Portugese politici vrezen bevolking op verjaardag Anjerrevolutie
Mario Queiroz
26 april 2013
Voor het tweede jaar op rij heeft Portugal de Anjerrevolutie, die in 1974 de dictatuur beëindigde, in mineur herdacht. De politici hielden de bevolking op afstand.
Gisteren (donderdag) was het precies 39 jaar geleden dat 144 officieren een einde maakten aan de oudste dictatuur van Europa. Maar bij officiële herdenking van het parlement bleven de belangrijkste militairen van destijds afwezig, uit protest tegen het regeringsbeleid “dat ingaat tegen de geest van april.” Ook oud-president Mario Soares daagde niet op.
De vrees voor manifestaties was groot.

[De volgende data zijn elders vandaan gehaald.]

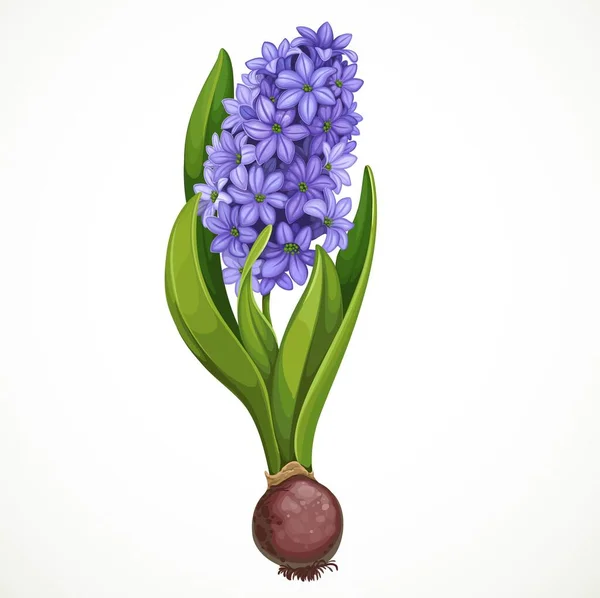 Blue Hyacinth Grows Bulb Isolated White Background Spring Flower — Stock Vector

In tegenstelling tot vorige jaren mochten alleen genodigden binnen in het parlement. Het werd een herdenking voor bijna uitsluitend politici.
Bang
“Ze zijn bang” voor een verontwaardigde bevolking, zei het socialistische parlementslid en oud-minister José Lello na afloop. Veel Portugezen hebben het niet begrepen op de strenge besparingen die regering van Pedro Passos Coelho heeft opgelegd onder druk van de trojka van de Europese Unie, het Internationaal Monetair Fonds en de Europese Centrale Bank.

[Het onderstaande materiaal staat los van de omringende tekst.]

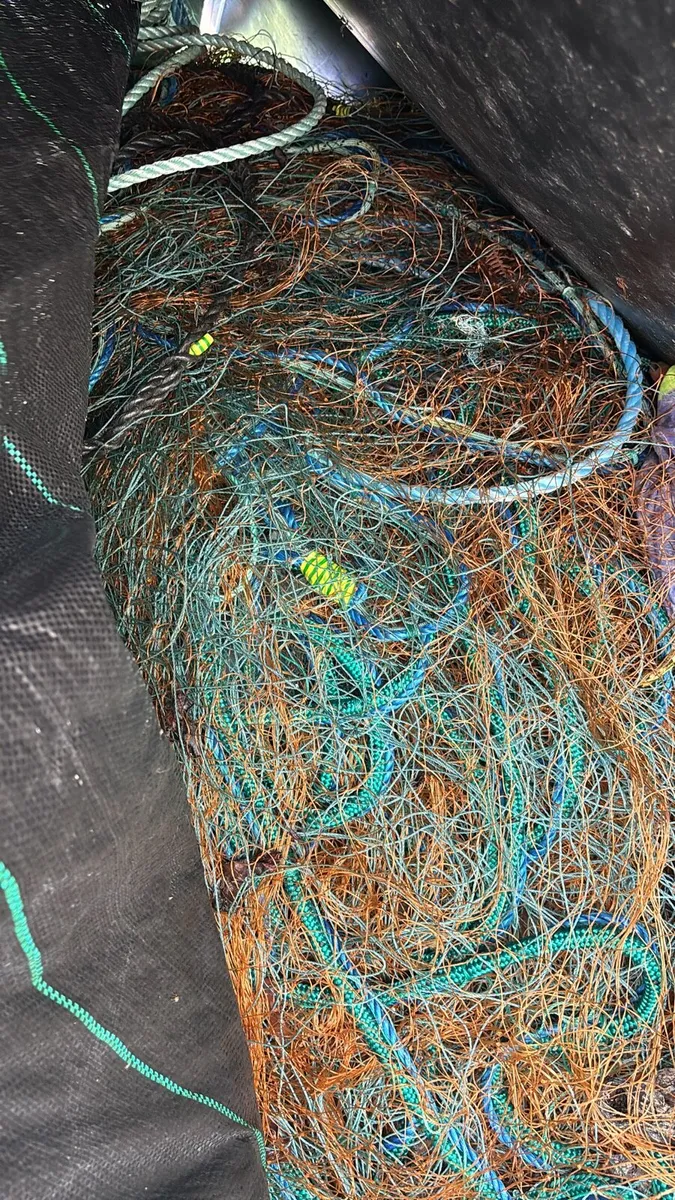 Tramel nets - Image 1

De tuinen van het presidentieel paleis en het regeringsgebouw bleven in tegenstelling tot de 38 vorige jaren dicht voor het publiek. President Aníbal Cavaco Silva en premier Passos Coelho wilden voorkomen “dat protesterende groepen opdoken.”
Politicoloog Antonio Costa Pinto van de Universiteit van Lissabon noemt het onaanvaardbaar dat de politieke instellingen zich op een dag met zo’n grote symbolische waarde “waarop men het feest van de democratie viert, afschermen van de reacties van de bevolking.”
Achteruitgang
Dramaturg en journalist Fernando Sousa, die in 1974 onderofficier was in het leger en mee in opstand kwam, spreekt van “een verjaardag waarop het gevoel van achteruitgang overheerst.” “Als ik de ultraliberale koers van de huidige regering zie, dan vraag ik mij vaak af: waarom hebben we dat destijds op 25 april gedaan?”
Maar ondanks alles blijft Souza optimistisch. “Omdat je ervan uit moet gaan dat de politiek niet alleen aan de politici toebehoort maar ook aan de burgers, aan de vrouwen, mannen en kinderen die zich inzetten voor een nieuwe samenleving.”